Mais a esta liça ajunto que: toda a
vida fiz da atenção uma espécie de estúdio de fotógrafo verbal, desses de boneco-cavalinho
pelas pagãs feiras santuárias da populaça, resultando na prática, a minha vida
mesma, em um ror de mentiras – se não honestas e/ou piedosas, ao menos bem
intencionadas, como é próprio dos infernos privados.
Ao atulhado logradouro de
lembranças vou buscar ficções verídicas e inverosímeis no intuito da
mistificação alegórica e pró-moral. Exemplo maior: morta a Mãe, finado é tudo o
que for princípio.
Ao estaleiro da memória recorro a
toda a hora, mormente quando anoitece logo pela manhã. Exemplo não menor: o meu
Pai manquejando, como se o liso chão estivesse emboscado de invisíveis móveis
irrequietos tropeçadiços degraus. Assim escrevo. Assim escrevivo.

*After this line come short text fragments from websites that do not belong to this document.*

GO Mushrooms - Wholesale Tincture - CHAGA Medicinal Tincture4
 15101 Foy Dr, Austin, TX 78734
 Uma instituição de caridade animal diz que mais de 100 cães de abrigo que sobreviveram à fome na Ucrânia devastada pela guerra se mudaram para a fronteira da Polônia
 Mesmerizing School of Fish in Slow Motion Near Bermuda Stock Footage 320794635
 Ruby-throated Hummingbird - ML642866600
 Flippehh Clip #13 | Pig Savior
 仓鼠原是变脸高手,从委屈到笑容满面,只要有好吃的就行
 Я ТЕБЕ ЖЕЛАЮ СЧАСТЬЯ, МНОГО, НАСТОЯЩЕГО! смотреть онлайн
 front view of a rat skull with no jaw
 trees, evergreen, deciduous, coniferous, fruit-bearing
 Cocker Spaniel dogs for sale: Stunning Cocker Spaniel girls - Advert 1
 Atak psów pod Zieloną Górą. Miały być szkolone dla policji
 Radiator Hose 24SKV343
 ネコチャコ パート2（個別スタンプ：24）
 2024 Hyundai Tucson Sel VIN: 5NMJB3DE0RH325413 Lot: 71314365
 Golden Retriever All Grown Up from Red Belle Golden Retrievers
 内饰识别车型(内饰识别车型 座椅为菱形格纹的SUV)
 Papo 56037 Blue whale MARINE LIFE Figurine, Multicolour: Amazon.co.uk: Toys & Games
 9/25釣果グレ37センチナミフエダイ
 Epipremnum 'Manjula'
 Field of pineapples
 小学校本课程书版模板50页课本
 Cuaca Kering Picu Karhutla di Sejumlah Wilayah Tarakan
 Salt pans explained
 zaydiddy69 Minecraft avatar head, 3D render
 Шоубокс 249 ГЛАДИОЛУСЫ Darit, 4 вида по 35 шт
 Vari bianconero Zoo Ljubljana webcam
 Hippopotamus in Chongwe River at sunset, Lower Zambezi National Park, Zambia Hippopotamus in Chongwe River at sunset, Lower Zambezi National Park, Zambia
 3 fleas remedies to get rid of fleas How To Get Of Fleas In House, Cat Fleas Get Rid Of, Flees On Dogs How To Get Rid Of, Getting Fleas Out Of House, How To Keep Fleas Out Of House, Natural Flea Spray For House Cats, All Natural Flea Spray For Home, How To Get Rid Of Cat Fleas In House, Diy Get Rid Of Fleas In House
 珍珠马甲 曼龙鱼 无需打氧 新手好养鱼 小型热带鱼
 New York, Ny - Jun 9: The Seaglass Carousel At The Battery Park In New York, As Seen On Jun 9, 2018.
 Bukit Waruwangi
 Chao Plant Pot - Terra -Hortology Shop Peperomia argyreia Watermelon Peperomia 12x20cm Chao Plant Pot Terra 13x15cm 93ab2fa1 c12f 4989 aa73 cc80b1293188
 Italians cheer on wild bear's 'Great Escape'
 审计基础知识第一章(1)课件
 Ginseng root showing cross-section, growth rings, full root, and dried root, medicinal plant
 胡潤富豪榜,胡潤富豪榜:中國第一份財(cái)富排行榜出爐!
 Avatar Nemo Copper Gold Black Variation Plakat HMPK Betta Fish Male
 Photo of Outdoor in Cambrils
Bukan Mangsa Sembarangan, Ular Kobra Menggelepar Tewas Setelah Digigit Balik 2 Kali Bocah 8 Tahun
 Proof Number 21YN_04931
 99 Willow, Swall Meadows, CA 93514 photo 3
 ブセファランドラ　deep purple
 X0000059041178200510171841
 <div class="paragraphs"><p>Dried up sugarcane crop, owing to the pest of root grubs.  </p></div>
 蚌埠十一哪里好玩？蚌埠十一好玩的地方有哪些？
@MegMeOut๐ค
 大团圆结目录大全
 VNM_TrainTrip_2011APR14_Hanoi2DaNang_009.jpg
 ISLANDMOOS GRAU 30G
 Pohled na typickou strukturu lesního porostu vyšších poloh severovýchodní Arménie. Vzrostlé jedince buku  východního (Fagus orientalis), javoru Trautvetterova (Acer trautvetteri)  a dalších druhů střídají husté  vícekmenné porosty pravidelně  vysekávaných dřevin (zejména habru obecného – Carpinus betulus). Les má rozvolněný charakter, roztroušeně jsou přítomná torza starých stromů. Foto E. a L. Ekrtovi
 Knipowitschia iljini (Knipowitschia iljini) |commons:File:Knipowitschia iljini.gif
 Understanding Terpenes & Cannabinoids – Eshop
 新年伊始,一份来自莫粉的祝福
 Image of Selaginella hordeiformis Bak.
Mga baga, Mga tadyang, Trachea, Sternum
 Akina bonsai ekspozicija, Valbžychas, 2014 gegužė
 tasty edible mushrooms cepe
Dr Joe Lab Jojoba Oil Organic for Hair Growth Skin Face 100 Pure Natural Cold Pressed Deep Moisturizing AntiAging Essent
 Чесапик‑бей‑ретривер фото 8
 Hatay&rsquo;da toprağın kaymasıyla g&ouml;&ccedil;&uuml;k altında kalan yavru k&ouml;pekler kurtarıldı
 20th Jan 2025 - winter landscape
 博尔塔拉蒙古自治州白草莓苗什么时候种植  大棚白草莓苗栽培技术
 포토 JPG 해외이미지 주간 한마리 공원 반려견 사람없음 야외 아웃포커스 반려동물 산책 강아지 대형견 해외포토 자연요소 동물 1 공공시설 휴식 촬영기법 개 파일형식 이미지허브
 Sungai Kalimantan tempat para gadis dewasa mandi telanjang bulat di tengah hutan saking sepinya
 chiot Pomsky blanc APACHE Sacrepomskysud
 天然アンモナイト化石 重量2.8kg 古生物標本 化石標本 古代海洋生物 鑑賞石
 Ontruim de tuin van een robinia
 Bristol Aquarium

A viúva que acaba de passar? –
Manilha-de-paus com atavios de dama-de-copas, dessas que não raro desovam filharada
póstuma bem para além das 36 semanas de regimental respeito ao falecido.
O ajudante de armazém importador de
bananas com tanto quisto sebáceo na região demarcada do sovaco? – Estandarte
vivo da Escrófula com que Deus Vosso Senhor intumesce os culpados relapsos de
onanismo, esses punhetas ateus.
Aviso: não é que estas pessoas
tenham, deveras, acabado de passar pela antecâmara do meu lápis fot’oftálmico –
mas existem. À minha maneira, existem – como aliás também os anjos: só quem,
pelo entardenoitecer do Outono, não foi dar aos patos fluviais uma última demão
de pão velho os não sentiu. (Os não sentiu no olhar, que não pelos olhos,
digo.)
De que trata, pois, o caderno-livro
de que V. falo? De impreteríveis sedas & sedes, de espúrias espumas, do
arco-da-velha-das-coisas, de cenas de uma violência extrema como por exemplo a
epifania que toda a criança, mesmo alheia, é, de lances de censurável exposição
sexual como ainda agora aquela nuvem missionariamente por cima daqueloutra (mas
nenhuma nuvem, não importa, está-dito-está-feito-está-lido-está-vivido). Trata
do antagonismo entre a luta e o luto. Fotografa estas povoações sem remédio mas
com farmácia por que disperso a minha vida compendiável para além daquelas duas
datas que sabemos.
No fundo como à flor, vivo de &
para ninharias. Seja. Na dimensão daquilo a que à falta de melhor palavra
chamamos Realidade, o que importa
mesmo são os dois dedos manuais que um trabalhador perdeu de si em acidente
laboral ocorrido no passado dia primeiro do corrente em uma empresa metalúrgica
sediada em Celeirós, Braga. Isso sim. Isso é que é literatura. Eu sei. Nem
sinto confusão, nem faço confusões – a mão doravante mutilada desse trabalhador
conta mais do que quanta página eu seja capaz. Pois, nenhuma confusão. Exemplo:
não confundo o Duarte Lama com o Dalai Lima. São carecas não mutuamente
reagentes.
Fiquemos hoje por aqui. Está em
curso a semana. São 7 e 19 da matina, tenho de apanhar o expresso das 8 e 20
para a minha terra, vou lá tratar de papeladas inadiáveis relativas a não sei
quê (mas a quem, sei). Está frio. Levo o casaco mais pesado. Vou de botas.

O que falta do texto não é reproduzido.